# The concrete floor in that gym makes it hard on the knees.



## yuechu

大家好！

I usually play badminton at a gym which has wooden floors. Recently, I tried playing at a different rec centre, but with a concerete floor instead. I was wondering how to say "The concrete floor in that gym makes it hard on the knees." in Chinese.
Would anyone know how to translate this?
Thanks!


----------



## ovaltine888

水泥地板对膝盖不好


----------



## yuechu

Thanks, Ovaltine888! It's easier than I thought 

Is 膝盖 a word which often has 儿话音？(xi gair ?)


----------



## Tsau

yuechu said:


> Thanks, Ovaltine888! It's easier than I thought
> 
> Is 膝盖 a word which often has 儿话音？(xi gair ?)


Yes.


----------



## yuechu

OK! Thanks, Tsau!


----------



## SimonTsai

那體育館的地板是水泥的，(比較) 傷膝蓋。


yuechu said:


> Is 膝盖 a word which often has 儿话音?


Not for me, nor for people I know.


----------



## thetazuo

SimonTsai said:


> 那體育館的地板是水泥的，(比較) 傷膝蓋。
> 
> Not for me, nor for people I know.


Not for me either.


----------



## yuechu

Thanks, Simon and Thetazuo!


----------



## Tsau

yuechu said:


> Thanks, Simon and Thetazuo!


It is worth noting that 儿化音 was initially a feature of the Northern Dialect of Chinese ,especially Beijing dialect, whereas you rarely hear 儿化音 when someone from Southern China speaks.
普通话, i.e. Putonghua or Mandarin, which is the official standard dialect, is actually developed from Beijing dialect, making 儿化音 a part of the "standard pronunciation". However, 儿化音 is still widely considered as a typical feature of Beijing dialect rather than standard Mandarin. So why bother, whether there's 儿化音 in a word is not important.


----------



## Baklovic

Tsau said:


> It is worth noting that 儿化音 was initially a feature of the Northern Dialect of Chinese ,especially Beijing dialect, whereas you rarely hear 儿化音 when someone from Southern China speaks.
> 普通话, i.e. Putonghua or Mandarin, which is the official standard dialect, is actually developed from Beijing dialect, making 儿化音 a part of the "standard pronunciation". However, 儿化音 is still widely considered as a typical feature of Beijing dialect rather than standard Mandarin. So why bother, whether there's 儿化音 in a word is not important.

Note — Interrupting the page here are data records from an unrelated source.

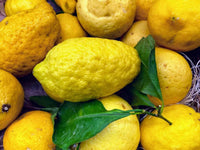 Citron Gemüsesamen for Your Garden
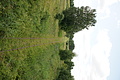 DSC04128 - Bernhard Saalfeld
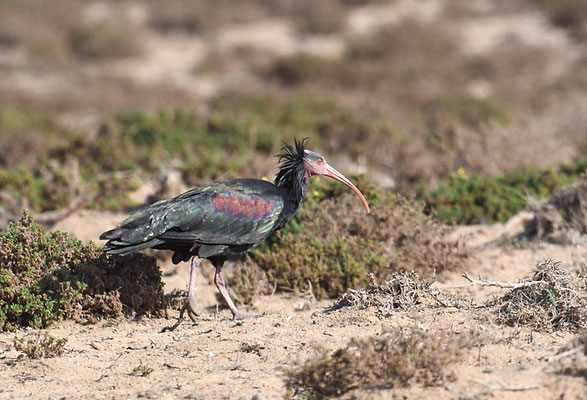 WALDRAPP, BALD IBIS, GERONTICUS EREMITA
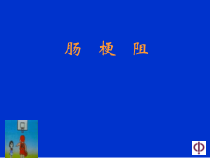肠梗阻诊断与治疗原则课件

Exactly, and I think the only word in Putonghua that must have 儿化音 is “一会儿/会儿” which means "a moment". 
Also, 儿化音 exists in many dialects of Chinese including some southern dialects and not always occurs in same word, as in some Sichuan dialects (of Southwestern Mandarin) the 儿化音 can occur also after words end up with nasal consonant -n, like “星星儿”，“窗帘儿”, etc.


----------



## Tsau

Baklovic said:


> Exactly, and I think the only word in Putonghua that must have 儿化音 is “一会儿/会儿” which means "a moment".
> Also, 儿化音 exists in many dialects of Chinese including some southern dialects and not always occurs in same word, as in some Sichuan dialects (of Southwestern Mandarin) the 儿化音 can occur also after words end up with nasal consonant -n, like “星星儿”，“窗帘儿”, etc.

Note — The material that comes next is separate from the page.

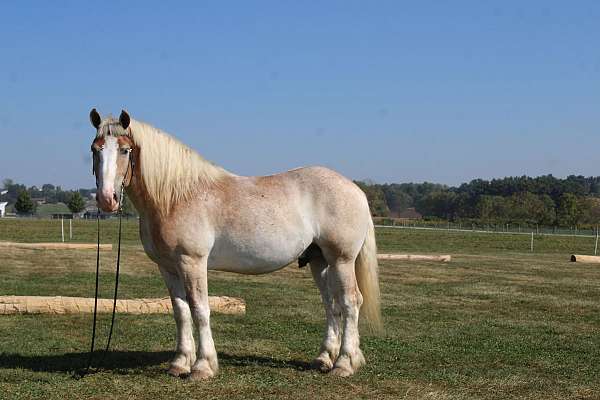 all-around-belgian-horse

Yes. According to 现代汉语 （黄伯荣，廖序东，高等教育出版社）, Sichuan dialect is considered a part of the Northern dialect.
Actually the Northern dialect is usually a equivalent of 官话 (i.e. Mandarin), in which 普通话, 西南官话 and 北京官话 are all included.


----------



## yuechu

Thanks, Tsau and Baklvic! I know that a lot of people don't use 儿话音 much, but I am interested in both 北方话 and 普通话! (and 国语！）

Thanks for the info!


----------



## yuechu

yuechu said:


> 大家好！
> 
> I usually play badminton at a gym which has wooden floors. Recently, I tried playing at a different rec centre, but with a *concerete* floor instead. I was wondering how to say "The concrete floor in that gym makes it hard on the knees." in Chinese.
> Would anyone know how to translate this?
> Thanks!


I just noticed a typo in my original message. "concerete" should have been "concrete".


----------